About six months ago now, I sat in my comfy writing chair in front of a burning gas log, wondering what on earth I was going to put into the next Beau book. In twenty previous books, written over a period of thirty years, Beau had evolved into a somewhat curmudgeonly old cuss, a guy with a pair of chronically bad knees, a somewhat younger wife, and a full panoply of coworkers, friends, and relations. The idea of seeing Beau at a younger age had some appeal, so I went back to Until Proven Guilty, Beaumont #1, and started reviewing his history.
I was halfway through that book, reading about his experiences with his dying mother, when I came upon the word “Vietnam.” It was almost as if someone had flipped a switch in my head. Had Doug Davis lived and had Beaumont been real, the two of them would have been about the same age. They would have served in the same war. What was there to keep me from blending fact and fiction and having the two of them meet in Vietnam?
That very evening I wrote an e-mail to Bonnie Abney, telling her about my idea and asking for her help. She wrote back the next day, signing on for the project. The result of our collaboration is woven into the fabric of Beaumont #21, Second Watch.

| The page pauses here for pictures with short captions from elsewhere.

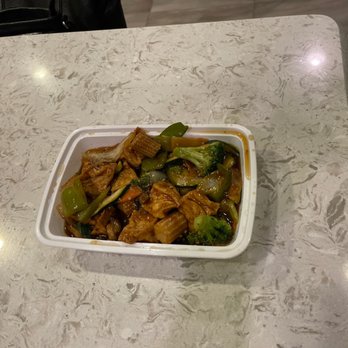 Sozeal Asian Cuisine - a bowl of stir fried chicken and broccoli - Chinese Near Me - Gilbert, Arizona Sozeal Asian Cuisine - a bowl of stir fried chicken and broccoli - Chinese Near Me - Gilbert, Arizona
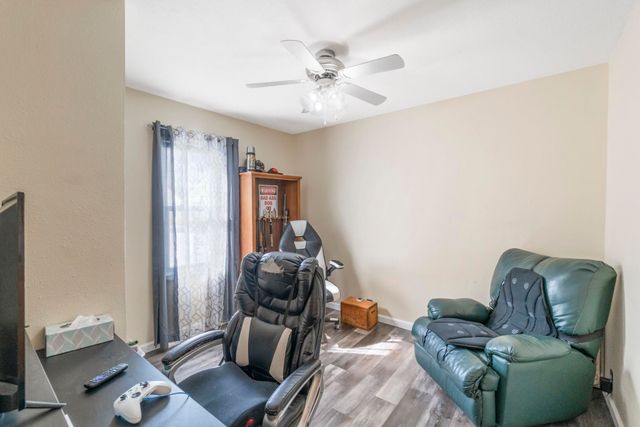 930 Colleen Avenue, Evansdale, IA 50707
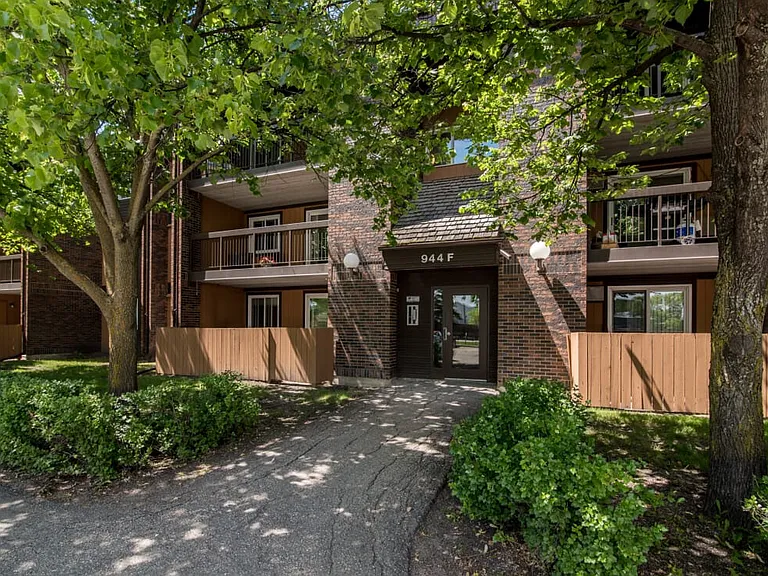 940 Chancellor Dr — Photo 3
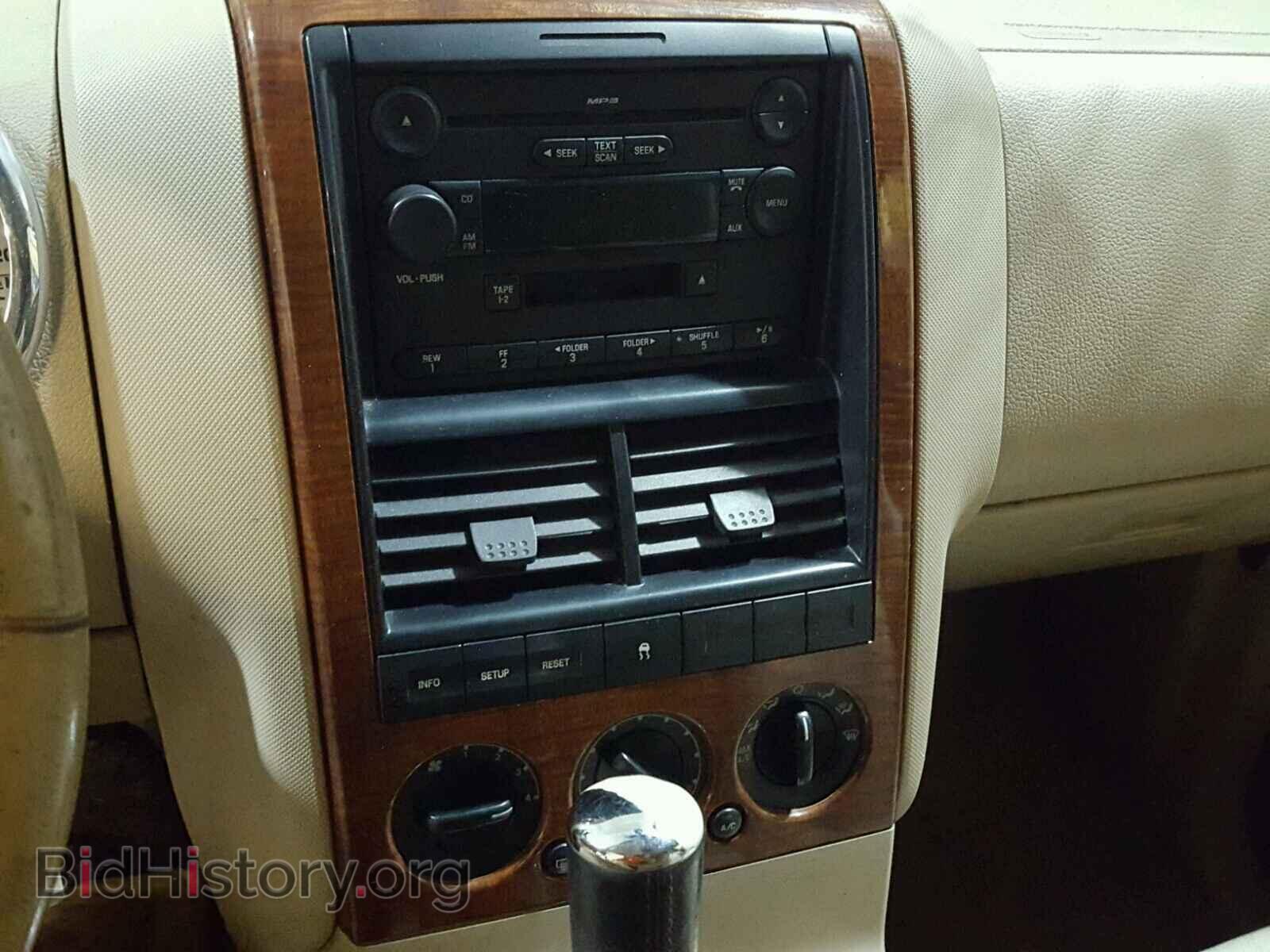 2006 FORD EXPLORER - VIN: 1FMEU64EX6ZA24843 - Photo 9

Over the course of the next several months, Bonnie was kind enough to share with me the details of her life back then and of her life now. She allowed me access to some of the letters she received after Doug’s death. The sympathy notes came from fellow officers, some of whom had been classmates of Doug’s at West Point, as well as from guys with whom he served in Vietnam. In the process, I began to gain some insight into the young man Doug Davis became after I lost sight of him.
As I first learned in Seattle Center, in the army, his given name, Leonard, held sway. The men he served with knew him not as Doug but as Lennie D. They told stories of his days in the 35th Infantry; about how he spent h
is spare time playing poker, writing letters, and reading. Several of them mentioned that one of his favorite books, one he read over and over from beginning to end, was William Shirer’s The Rise and Fall of the Third Reich. Their notes revealed instances of his innate kindness and of his natural ability to lead his men. He was known for taking raw recruits and molding them into capable soldiers in a platoon that was considered one of the best. He was a smart and dedicated leader who was able to spout off plenty of colorful language when a dressing-down was required. Soldiers who found themselves taking heat from Lennie D. for some infraction or other never made the same mistake twice.

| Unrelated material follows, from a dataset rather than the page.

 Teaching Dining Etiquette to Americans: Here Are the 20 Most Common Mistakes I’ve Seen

Through that correspondence, I learned about how Doug and three other officers from C Company, while sitting around a card table in their quarters and playing poker one day, heard a news report about how the Vietcong were supposedly a very superstitious lot, especially when it came to seeing the playing card the ace of spades.
The four second lieutenants embarked on a psychological warfare program in which they made a practice of leaving an ace of spades calling card with the body of every dead VC soldier. The problem with that, of course, was that each deck of cards contained only one ace of spades, and when it came to playing poker, fifty-one-card decks didn’t really measure up. Eventually one of the four wrote to the card manufacturing company asking for help. The letter was forwarded to a company executive who had lost a son in World War II. The man was only too happy to oblige.

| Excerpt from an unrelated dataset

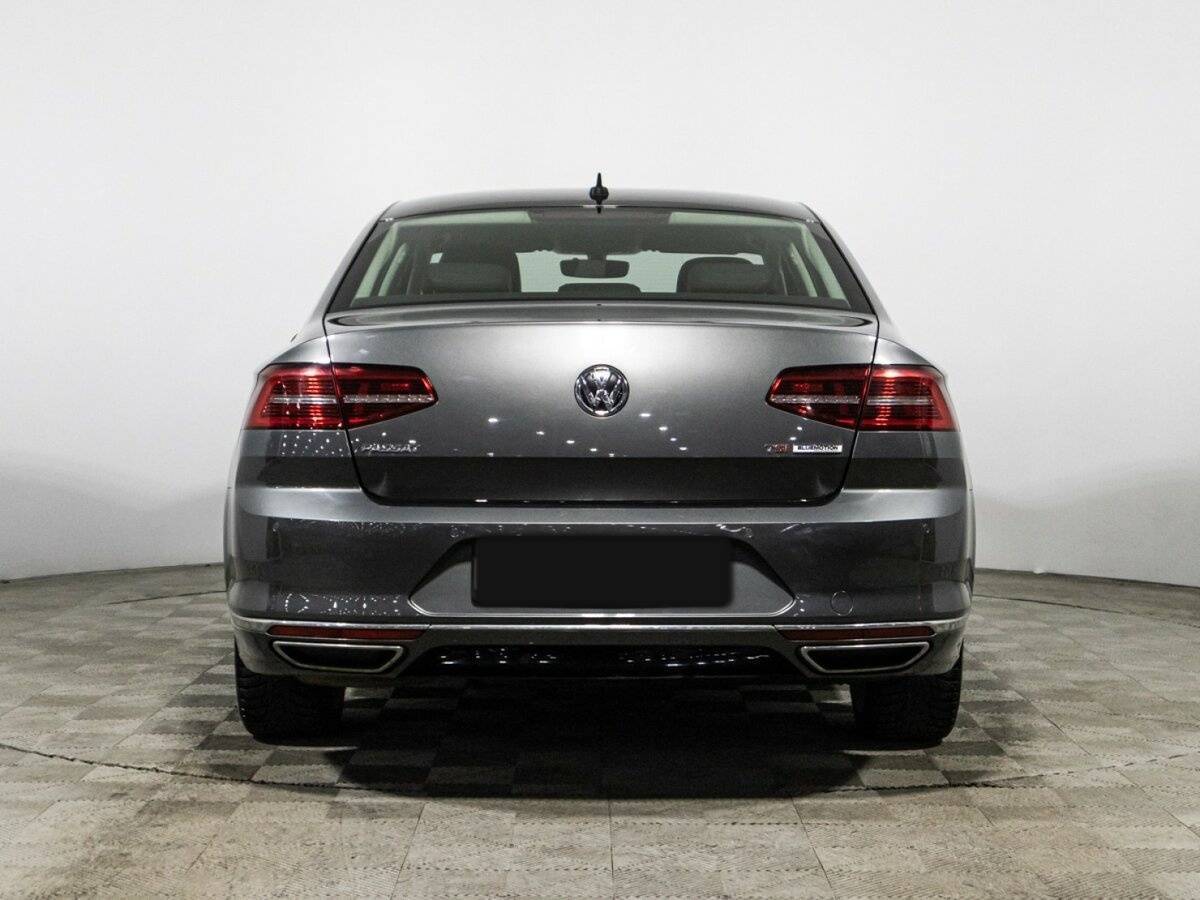 Купить Volkswagen Passat с пробегом. Фото: #5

Within days, C Company had an ever-ready supply of decks of cards containing nothing but aces of spades. At first those special decks were shipped postage paid, only to C Company. As word spread, however, so did the program, as the card company continued to ship decks of aces of spades to other soldiers serving anywhere in the war zone. Remnants of that ace of spades tradition continue in the U.S. military to this day, including the Ace of Spades squadron based at Fairchild Air Force Base.